Depreciation on addition or on sale/ disposal of assets is calculated
pro-rata from the date of such addition or sale/ disposal as the case
may be. Expenses for Advertisement film are amortized from and over
the maximum period of 5 years,
(e) Valuation of Inventories:
Inventory of goods are valued at Cost.
(f) Investment:
Long term investments are stated at cost. Provision of diminution in
the value of Long term investments is made only if such decline is
other than temporary in nature in the opinion of the Management.
(g) Revenue Recognition:
All the items of Income and expenses are recognized on accrual basis,
except dividend and interest on overdue installments/defaults and
Municipal Tax is accounted on cash basis.

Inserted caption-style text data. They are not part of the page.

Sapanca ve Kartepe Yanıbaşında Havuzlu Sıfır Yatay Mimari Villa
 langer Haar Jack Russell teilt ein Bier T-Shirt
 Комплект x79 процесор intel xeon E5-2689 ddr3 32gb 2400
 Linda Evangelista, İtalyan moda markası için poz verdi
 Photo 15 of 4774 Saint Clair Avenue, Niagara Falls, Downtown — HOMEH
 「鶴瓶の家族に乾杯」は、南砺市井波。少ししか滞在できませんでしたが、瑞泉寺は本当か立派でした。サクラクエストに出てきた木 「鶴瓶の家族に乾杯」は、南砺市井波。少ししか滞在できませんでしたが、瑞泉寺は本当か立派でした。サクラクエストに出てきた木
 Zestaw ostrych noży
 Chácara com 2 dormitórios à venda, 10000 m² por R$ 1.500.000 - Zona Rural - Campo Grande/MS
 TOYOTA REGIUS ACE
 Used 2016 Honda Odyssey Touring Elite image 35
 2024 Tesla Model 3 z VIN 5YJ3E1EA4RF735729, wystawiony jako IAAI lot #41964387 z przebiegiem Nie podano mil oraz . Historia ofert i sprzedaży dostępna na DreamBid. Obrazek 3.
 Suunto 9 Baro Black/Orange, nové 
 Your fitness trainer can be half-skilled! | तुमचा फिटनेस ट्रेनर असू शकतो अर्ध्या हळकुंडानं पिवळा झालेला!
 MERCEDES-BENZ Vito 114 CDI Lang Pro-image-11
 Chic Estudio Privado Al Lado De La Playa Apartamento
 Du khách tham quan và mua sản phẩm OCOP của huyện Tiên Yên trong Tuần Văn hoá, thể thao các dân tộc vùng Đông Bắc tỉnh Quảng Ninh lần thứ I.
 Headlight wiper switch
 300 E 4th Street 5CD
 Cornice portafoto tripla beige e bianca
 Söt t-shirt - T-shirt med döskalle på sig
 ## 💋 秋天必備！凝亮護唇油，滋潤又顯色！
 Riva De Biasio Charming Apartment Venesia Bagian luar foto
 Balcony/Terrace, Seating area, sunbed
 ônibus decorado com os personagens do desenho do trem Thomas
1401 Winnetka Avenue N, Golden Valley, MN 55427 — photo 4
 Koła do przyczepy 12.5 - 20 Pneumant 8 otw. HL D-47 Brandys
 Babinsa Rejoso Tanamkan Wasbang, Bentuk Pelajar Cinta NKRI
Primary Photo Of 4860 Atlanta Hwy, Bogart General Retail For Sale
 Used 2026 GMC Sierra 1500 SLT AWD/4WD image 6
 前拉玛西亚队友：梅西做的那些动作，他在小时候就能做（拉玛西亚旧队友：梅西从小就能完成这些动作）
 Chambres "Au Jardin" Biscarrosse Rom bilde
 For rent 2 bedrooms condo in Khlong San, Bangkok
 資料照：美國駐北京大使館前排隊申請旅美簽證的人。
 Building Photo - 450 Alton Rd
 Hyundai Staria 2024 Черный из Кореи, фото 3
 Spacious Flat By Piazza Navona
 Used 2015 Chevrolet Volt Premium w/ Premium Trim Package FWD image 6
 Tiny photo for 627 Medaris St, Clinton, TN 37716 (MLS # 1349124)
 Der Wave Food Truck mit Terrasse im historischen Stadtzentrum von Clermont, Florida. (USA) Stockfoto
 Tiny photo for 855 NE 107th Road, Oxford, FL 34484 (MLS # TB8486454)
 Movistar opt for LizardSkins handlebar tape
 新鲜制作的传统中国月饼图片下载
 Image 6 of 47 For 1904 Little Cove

(h)Retiremeni/ Post retirement Benefits:
No Provision for has been made for liabilities for retirement benefits
including gratuity and leave encashment in respect of employees as
required by the Accounting Standards -15 on Retirement Benefits.
(i) Borrowing Costs
Borrowing costs attributable to the acquisition or construction of
qualification assets, as defined in Accounting Standard 16 on
"Borrowing Costs" are capitalized as part of the cost of such assets up
to the date when the asset is ready for its intended use. Other
borrowing costs are expensed as incurred.
(J) Taxation:
Current tax is determined as the amount of tax payable in respect of
taxable income for the period. Deferred tax is recognized subject to
the consideration of prudence in respect of deferred tax assets on
timing differences, being the difference between the taxable incomes
and accounting income that originate in, one period and are capable of
reversal in one or more subsequent period.
Deferred tax assets are recognized and carried forward only to the
extent that there is a reasonable certainty that sufficient future
taxable income will be available against which such deferred tax assets
can be realized
(k)Provisions, Contingent Assets and Contingent Liabilities:
Contingent Liabilities as defined in Accounting Standard 29 on
"Provisions, Contingent Liabilities and Contingent Assets" are
disclosed by way of notes to the account. Provision is made if it is
probable that an outflow of future economic benefits will be required
for an item previously dealt with as a contingent liability.
(J) Miscellaneous Expenditure:
Miscellaneous Expenditure is written off to the Profit and Loss Account
over a period of up to ten years depending upon the nature and expected
future benefit of such expenditure. The management reviews the
amortization period on a regular basis and if expected future benefits
from such expenditure are significantly lower from previous estimates,
the amortization period is accordingly changed.
Mar 31, 2010
(a) Basis of Accounting:
The financial statements are prepared under historical cost convention
and to comply in all material respect with the notified accounting
standards by the Companies Accounting standard Rules - 2006 and the
relevant provision of Companies Act, 1956.
(b) Fixed Assets:
Fixed Assets are stated at cost less accumulated depreciation. The cost
of fixed asset comprise of its purchase price and any directly
attributable cost of bringing the assets in an operational condition
for its intended use.
(c) Depreciation:
Depreciation has been provided at the rates and in the manner
prescribed in Schedule XIV of the Companies act, 1956 on SLM Method.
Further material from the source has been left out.